The fire was warm on his face and it left its colours in his skin. He didn’t speak again.
* * *
Ecko watched Tarvi watching the ruin.
She was small, round faced and round figured, though her fitness pressed tight muscle against the fabric of her garments. Her days on the trade-road had sunburned her nose, she scratched at loose skin at its edges.
Her hair was haphazardly tied back, though wisps escaped the leather band and drifted constantly into her face. She blew at them, stirring ash. Ecko stifled a sudden urge to push them back.
You can’t go there and you know it!
Flanking her, the two spearmen were sharp-eyed, covering her back and each other’s.

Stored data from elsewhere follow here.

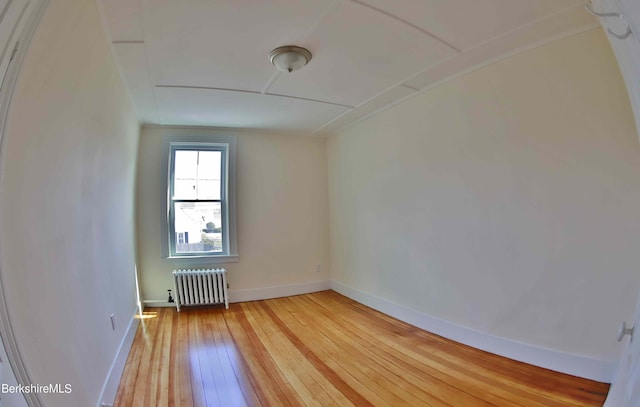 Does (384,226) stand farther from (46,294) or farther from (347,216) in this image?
(46,294)

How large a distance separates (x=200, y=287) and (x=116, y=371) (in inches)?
67.6

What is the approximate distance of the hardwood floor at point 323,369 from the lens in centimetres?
185

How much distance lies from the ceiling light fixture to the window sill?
2801 millimetres

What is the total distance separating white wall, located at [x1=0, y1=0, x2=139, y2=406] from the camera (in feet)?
3.18

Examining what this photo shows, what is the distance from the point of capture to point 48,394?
1030 millimetres

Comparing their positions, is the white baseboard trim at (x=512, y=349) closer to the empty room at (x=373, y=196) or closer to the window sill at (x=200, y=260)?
the empty room at (x=373, y=196)

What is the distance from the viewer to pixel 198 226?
13.2ft

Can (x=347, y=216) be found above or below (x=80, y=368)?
above

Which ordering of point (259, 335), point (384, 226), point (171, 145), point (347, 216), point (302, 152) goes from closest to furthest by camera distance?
point (259, 335), point (384, 226), point (171, 145), point (347, 216), point (302, 152)

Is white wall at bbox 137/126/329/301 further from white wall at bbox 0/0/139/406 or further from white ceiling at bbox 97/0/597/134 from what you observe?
white wall at bbox 0/0/139/406

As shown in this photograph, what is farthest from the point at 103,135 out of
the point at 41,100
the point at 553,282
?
the point at 553,282

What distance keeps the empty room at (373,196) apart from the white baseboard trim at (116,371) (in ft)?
0.10

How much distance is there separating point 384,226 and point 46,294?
118 inches

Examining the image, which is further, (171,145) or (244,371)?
(171,145) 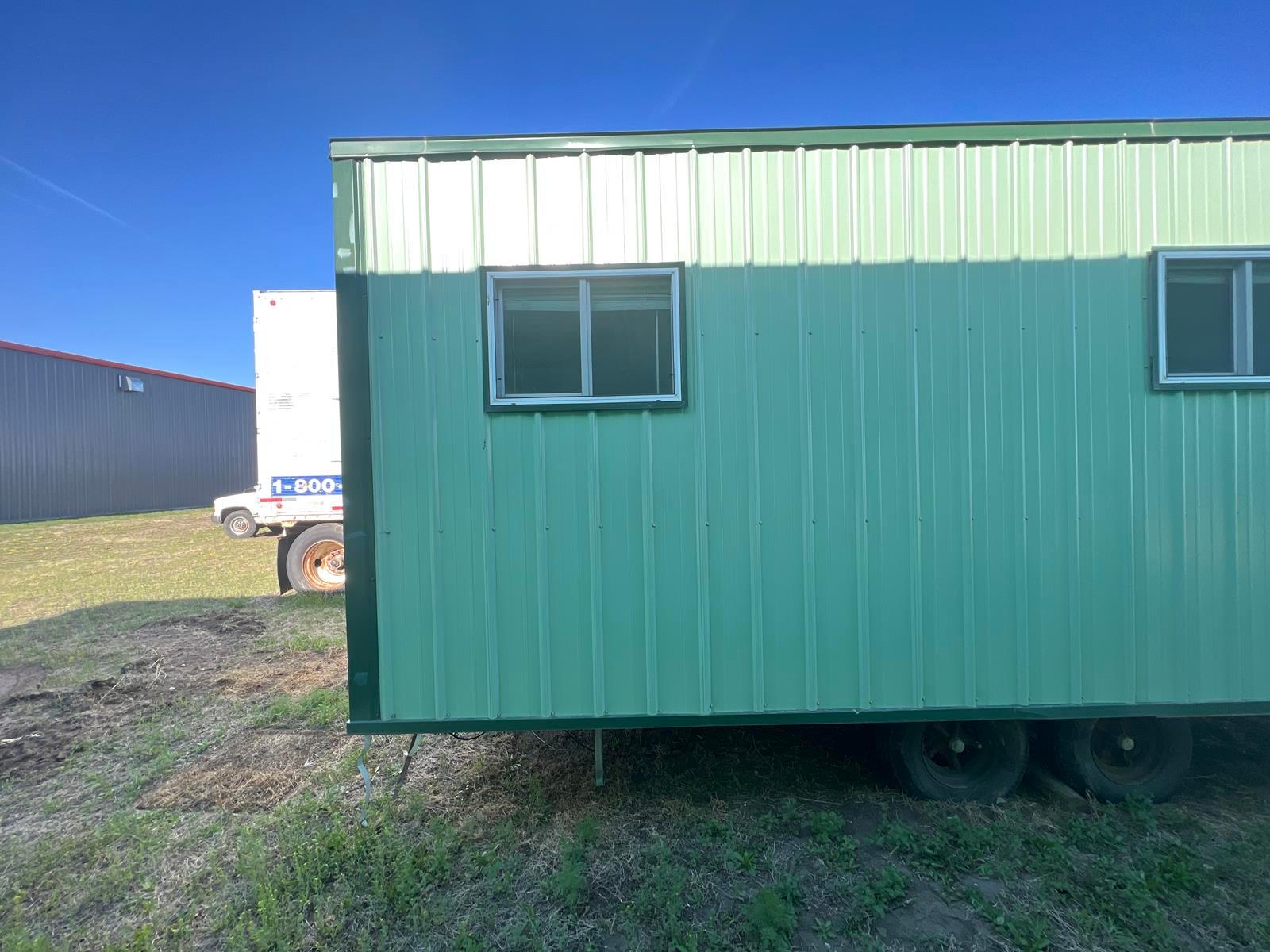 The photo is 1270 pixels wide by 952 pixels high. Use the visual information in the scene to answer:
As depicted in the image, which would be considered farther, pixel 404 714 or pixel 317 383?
pixel 317 383

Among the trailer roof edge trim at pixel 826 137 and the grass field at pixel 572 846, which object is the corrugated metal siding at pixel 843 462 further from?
the grass field at pixel 572 846

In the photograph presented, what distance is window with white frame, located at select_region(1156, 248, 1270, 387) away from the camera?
296 centimetres

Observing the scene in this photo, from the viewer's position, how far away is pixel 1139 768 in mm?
3236

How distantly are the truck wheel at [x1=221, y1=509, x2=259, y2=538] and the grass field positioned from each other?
7.54 meters

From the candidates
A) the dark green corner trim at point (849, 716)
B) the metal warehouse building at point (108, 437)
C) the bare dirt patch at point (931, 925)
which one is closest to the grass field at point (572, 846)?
the bare dirt patch at point (931, 925)

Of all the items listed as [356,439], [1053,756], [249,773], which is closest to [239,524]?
[249,773]

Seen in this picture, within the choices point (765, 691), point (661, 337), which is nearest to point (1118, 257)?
point (661, 337)

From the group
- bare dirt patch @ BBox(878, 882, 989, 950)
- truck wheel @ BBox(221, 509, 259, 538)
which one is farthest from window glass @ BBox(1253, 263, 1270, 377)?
truck wheel @ BBox(221, 509, 259, 538)

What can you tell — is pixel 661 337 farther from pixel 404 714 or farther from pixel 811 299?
pixel 404 714

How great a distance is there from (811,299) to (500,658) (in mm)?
Answer: 2357

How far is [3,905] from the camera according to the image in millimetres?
2602

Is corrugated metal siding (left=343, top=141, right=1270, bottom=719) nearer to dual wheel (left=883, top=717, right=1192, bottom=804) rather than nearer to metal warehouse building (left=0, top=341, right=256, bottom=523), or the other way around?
dual wheel (left=883, top=717, right=1192, bottom=804)

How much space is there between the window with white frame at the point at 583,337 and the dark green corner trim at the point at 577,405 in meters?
0.04

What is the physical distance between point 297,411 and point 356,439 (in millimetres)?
5537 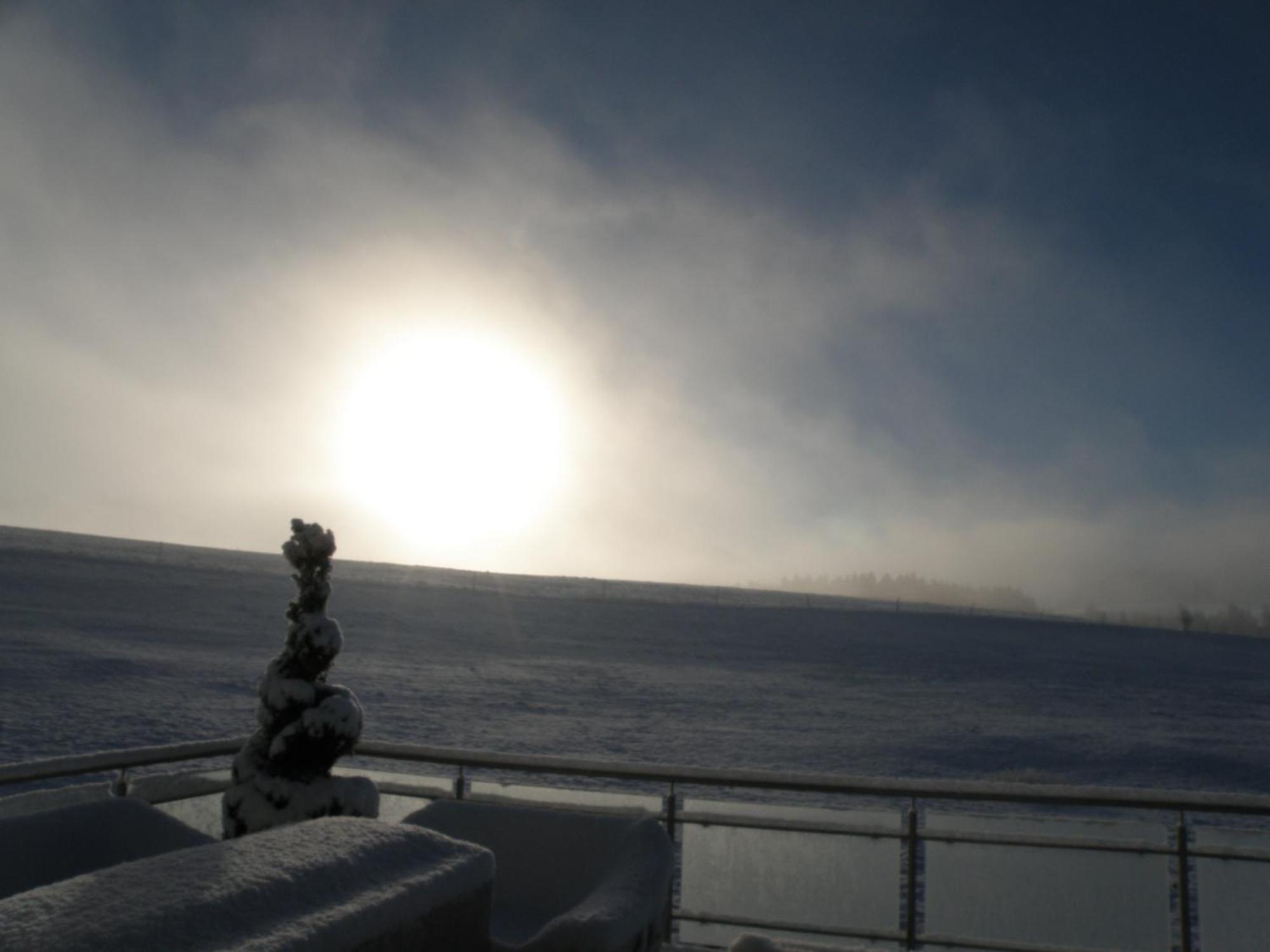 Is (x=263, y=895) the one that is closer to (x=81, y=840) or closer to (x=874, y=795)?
(x=81, y=840)

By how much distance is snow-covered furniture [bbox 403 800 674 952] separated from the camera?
128 inches

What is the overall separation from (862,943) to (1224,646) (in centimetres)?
12390

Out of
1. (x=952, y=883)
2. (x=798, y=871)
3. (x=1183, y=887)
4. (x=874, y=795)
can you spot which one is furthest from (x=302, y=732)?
(x=1183, y=887)

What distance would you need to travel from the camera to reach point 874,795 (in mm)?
4441

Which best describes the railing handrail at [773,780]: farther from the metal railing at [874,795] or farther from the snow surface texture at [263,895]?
the snow surface texture at [263,895]

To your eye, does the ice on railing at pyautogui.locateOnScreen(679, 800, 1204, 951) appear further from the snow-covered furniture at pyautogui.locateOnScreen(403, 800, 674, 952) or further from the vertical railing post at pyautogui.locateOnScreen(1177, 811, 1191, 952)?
the snow-covered furniture at pyautogui.locateOnScreen(403, 800, 674, 952)

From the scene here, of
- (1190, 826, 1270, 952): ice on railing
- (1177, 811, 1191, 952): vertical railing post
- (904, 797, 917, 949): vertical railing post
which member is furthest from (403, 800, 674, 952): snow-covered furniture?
(1190, 826, 1270, 952): ice on railing

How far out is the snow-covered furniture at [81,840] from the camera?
3100 millimetres

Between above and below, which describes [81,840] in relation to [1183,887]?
above

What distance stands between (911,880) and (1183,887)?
3.91 feet

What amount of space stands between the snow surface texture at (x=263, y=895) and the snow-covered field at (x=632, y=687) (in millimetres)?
18523

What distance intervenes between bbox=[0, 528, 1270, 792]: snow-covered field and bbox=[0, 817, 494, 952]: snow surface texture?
18.5 m

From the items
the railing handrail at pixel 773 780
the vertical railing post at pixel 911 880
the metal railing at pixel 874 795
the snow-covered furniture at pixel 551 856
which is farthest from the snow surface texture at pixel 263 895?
the vertical railing post at pixel 911 880

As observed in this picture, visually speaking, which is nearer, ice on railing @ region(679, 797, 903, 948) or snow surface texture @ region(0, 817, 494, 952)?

They ducked beside a wall. Tarvi slipped along its length to peer out...
...and stopped dead, hands gesturing.
Low to the ground, he raced rodent swift to stand almost behind her, crouched upon a fallen crossbeam.
Before them was a small and blasted square, flagstones cracked, buildings seared and crumbling to every side. It was close to the heart of the explosion and even the stone had melted. The ground was still hot, colours spiralled lazily into the darkening air.
Who could do this – what the hell had this kind of power?
On the far side of the square, there was motion.
On a crumbling upper floor, inside a black-edged window. Tarvi held her spear and waited. Ecko hugged what remained of the building sides, slipping round the edges of the destruction.
His telescopics spun, found nothing, spun again. Whatever it was, it was below the level of the windowledge. Blinking, he flicked back to his heatseeker but the thermals of the square defeated him.
He reached the base of the building.
Behind him, Tarvi hadn’t moved. She and the spearmen were crouched in the partial cover of the wall. She was flicking gestures at Pareus. Ecko saw the commander call the patrol to his side. Keeping to cover, they moved to the edge of the square.
Ecko touched his fingertips to the wall.
It was shaking – just enough for his sensitive touch to detect. Its foundations fucked, it was coming down – and whatever was up there was coming down with it.